Referring to FIG. 2, a coating is prepared using a mixture of photoinitiators sufficent to encompass all necessary frequencies of light. These are used to work with the pairs of lights in FIG. 4, 26-28. Photoinitiators are componds that absorb ultra-violet light and use the energy of that light to promote the formation of a dry layer of coating. In addition, the coating must contain a combination of oligomer and monomers such that necessary corrosion resistance is obtained. Oligomers are molecules containing several repeats of a single molecule. Monomers are substances containing single molecules that can link to oligomers and to each other. Proper choice of monomer also promotes adhesion to a properly prepared surface.

Automotive parts may be properly cleaned and prepared using conventional technology. Referring to FIG. 3 the coating is then applied using either HVLP or electrostatic technology, this is the same technology used to apply conventional coatings. Alternative applications might involve dipping, flow, or curtain coating of parts.

Referring to FIG. 4, the coating is then exposed to single UV lights or combinations ov UV lights array d in such a way that all surfaces are cured. This process involves exposure of all coated surfaces to UV light. This may be accomplished by a combination of rotation, 30,31 and configuration of lights, 26-28. Parts are moved quickly through lights using a continuous conveyor, 32. An alternative method would be to index the parts for a controlled period of time in the array of lights. Either method would correspond to FIG. 4. Whether continuous or indexed, this process can be measured in terms of seconds. No addition of heat is necessary.

Referring to FIG. 5, parts are then immediately ready to handle and/or ship in a way that is amenable to just-in-time manufacturing methods. No post cure is necessary.

While the invention has been described in connection with a preferred embodiment, it is not intended to limit the scope of the invention to the particular form set forth, but on the contrary, it is intended to cover such alternatives, modifications, and equivalents as may be included within the spirit and scope of the invention as defined by the appended claims.

Claims

1. A process for applying an opaque, corrosion resistant, 100% solids, UV curable finish to parts for underhood use in motor vehicles comprising the steps of:

1. Prepare a UV curable, 100% solids, opaque, corrosion resistant coating.

2. Apply the coating to underhood motor vehicle parts by the use of HVLP or electrostatic spray, or by other means.

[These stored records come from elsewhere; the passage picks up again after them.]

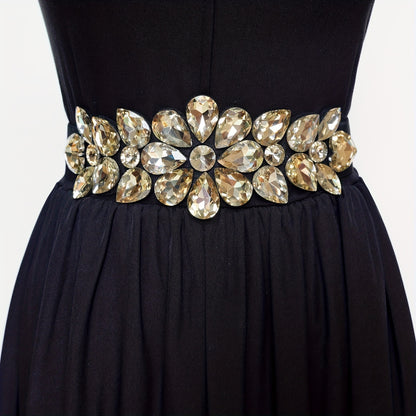 Women's Belt - Rhinestone Beaded Stretch for Shiny Big Glass Gem Exaggerated Glamour - product detail view 19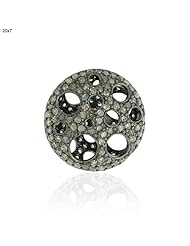 20*7mm .925 Sterling Silver Diamond Pave Disc Connector Bead Jewelry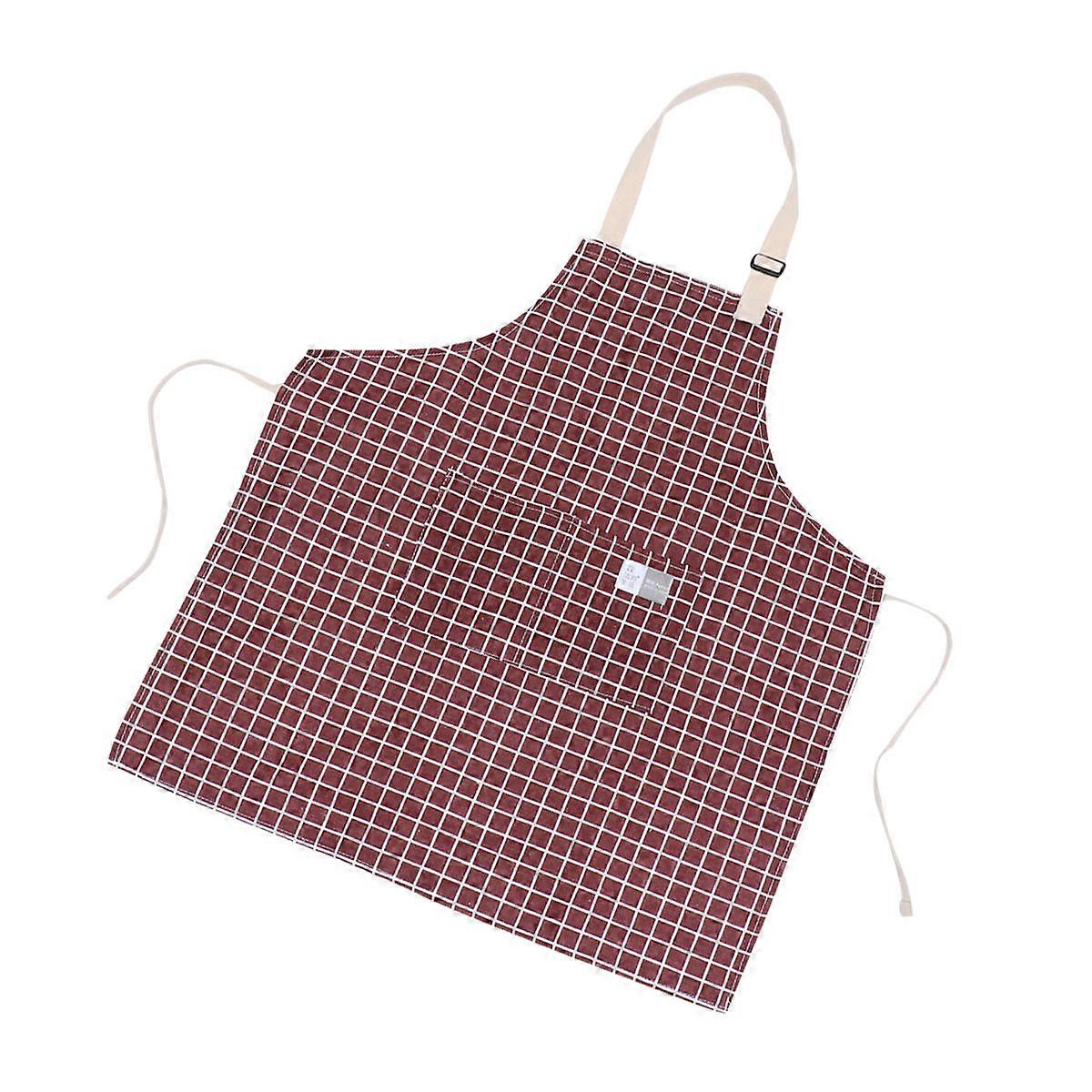 Cotton Apron With Pockets Unisex Baking Gardening Smock 70x68x0.1cm Cooking Home Use 1Pcs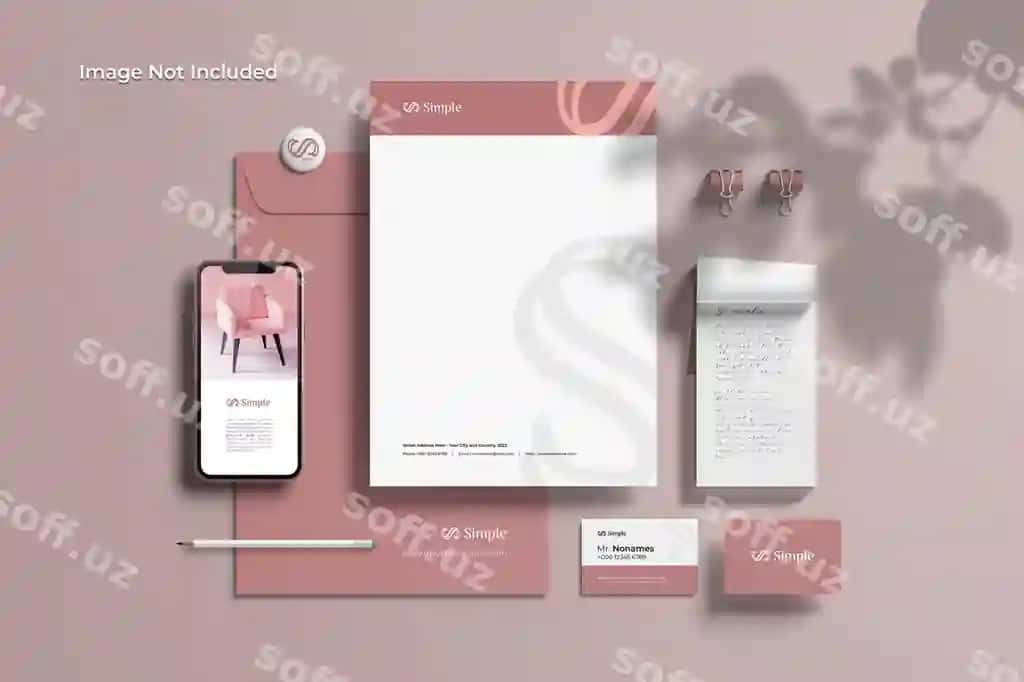 Qog'ozlar brend identifikatsiyasi namuna sahna yaratuvchi | Stationery branding identity mockup scene creator 2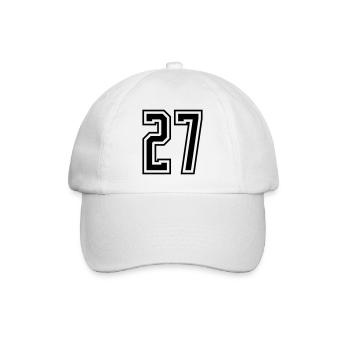27 Zahl nummer - Baseballkappe - Weiß/Weiß - Vorne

3. Cure the coating with single or combinations of ultra-violet lights containing an array ultraviolet frequencies sufficient to provide both a surface cure and to penetrate the opaque pigment to provide curing and adhesion to the substrate. Lights must be configured in such a way that every surface of the parts must be struck by the necessary array of frequencies of light. Use no post cure.

4. Parts are ready to handle or ship.